Greek Bailout Review Needs Months, Not Weeks, Dijsselbloem Says

  • Successful completion would pave the way for debt relief talks
  • Greece needs to overhaul pension system to meet conditions

The first significant review of Greece’s latest bailout program, which is likely to trigger talks on debt relief for the stricken euro-area nation, will probably take months to complete, said Jeroen Dijsselbloem, who leads the bloc’s group of finance ministers.

Only when Greece has satisfactorily implemented a series of contentious reforms, most notably changes to the country’s pension system, can the euro area contemplate moves to ease its debt burden, Djisselbloem, the Dutch finance minister, told reporters in Amsterdam on Thursday. The review’s completion should also unlock the next installment of Greece’s loan arrangement agreed last year.

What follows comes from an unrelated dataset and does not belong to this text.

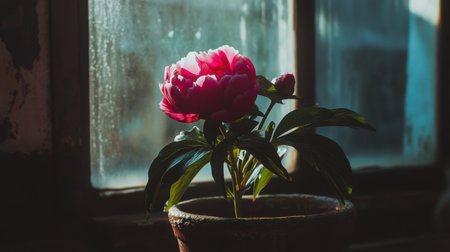 A stunning peony flower in a rustic pot is illuminated by soft sunlight, creating a cozy atmosphere. Ideal for nature lovers and interior decor inspiration.の素材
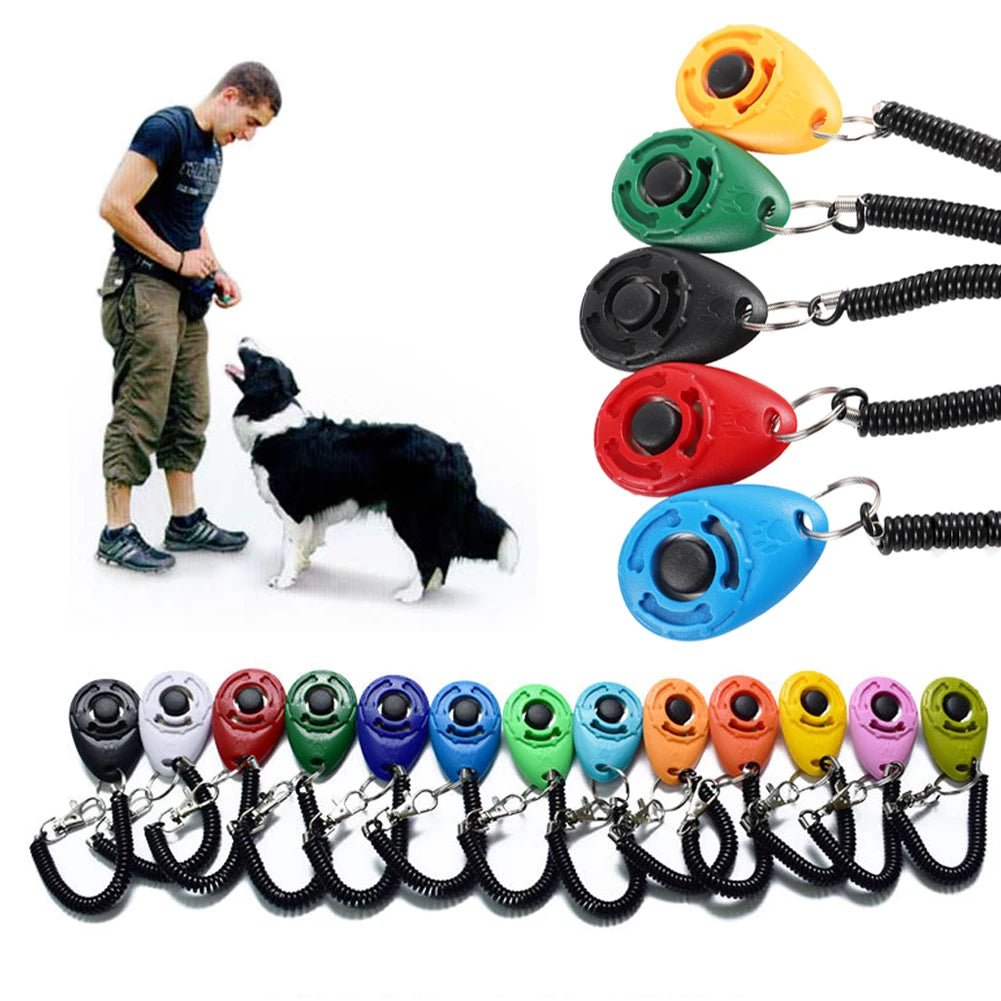Dog Training Clicker Pet Cat Plastic New Dogs Click Trainer Aid Tools Adjustable Wrist Strap Sound Key Chain Dog Supplies - Lily.sg Global Shopping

“There can only be a successful completion of the first review if there is an agreement on all the open issues -- and the pension reform is the biggest one,” Dijsselbloem said. The review will need “certainly rather months than weeks,” he said.

European creditors are showing no sign of backing down in their demands for Greece to take tough economic steps before getting the billions of euros needed to pay salaries and buy goods. Greek Prime Minister Alexis Tsipras has also warned that the country’s pension system is on the “brink of collapse.”

Greece’s government is scheduled to submit legislation for the country’s pension reform to parliament between Jan. 20 and Jan. 25, the 300-seat chamber’s Speaker Nikos Voutsis told reporters in Athens on Thursday. The debate and vote on the bill is expected to be completed in the first 10 days of February.

Subject to Agreement

If the measures are passed and the government reaches agreement with the European Commission and European Central Bank, which oversee the bailout program, Greece’s debt burden will be back on the agenda of euro-area finance ministers, Dijsselbloem said.

“A positive outcome of that will lead to further disbursements, tranches for Greece, will lead to a debate on debt restructuring, debt-related measures -- but that will be the order of things,” he said.

Greek Finance Minister Euclid Tsakalotos begins a round of meetings with his euro-area counterparts on Friday to discuss the review and debt relief, his ministry said in an e-mailed statement. He is scheduled to meet Dijsselbloem in Amsterdam on Jan. 12 and German Finance Minister Wolfgang Schaeuble in Berlin the following day.

The EU Commission received the Greek draft proposal on pension reform on Monday night and the plan is being scrutinized, the commission’s spokeswoman Vanessa Mock told reporters in Brussels on Thursday.

“This is now being assessed in detail and discussions with the Greek authorities will be continued,” she said, adding that she couldn’t say when the review of the bailout program would begin.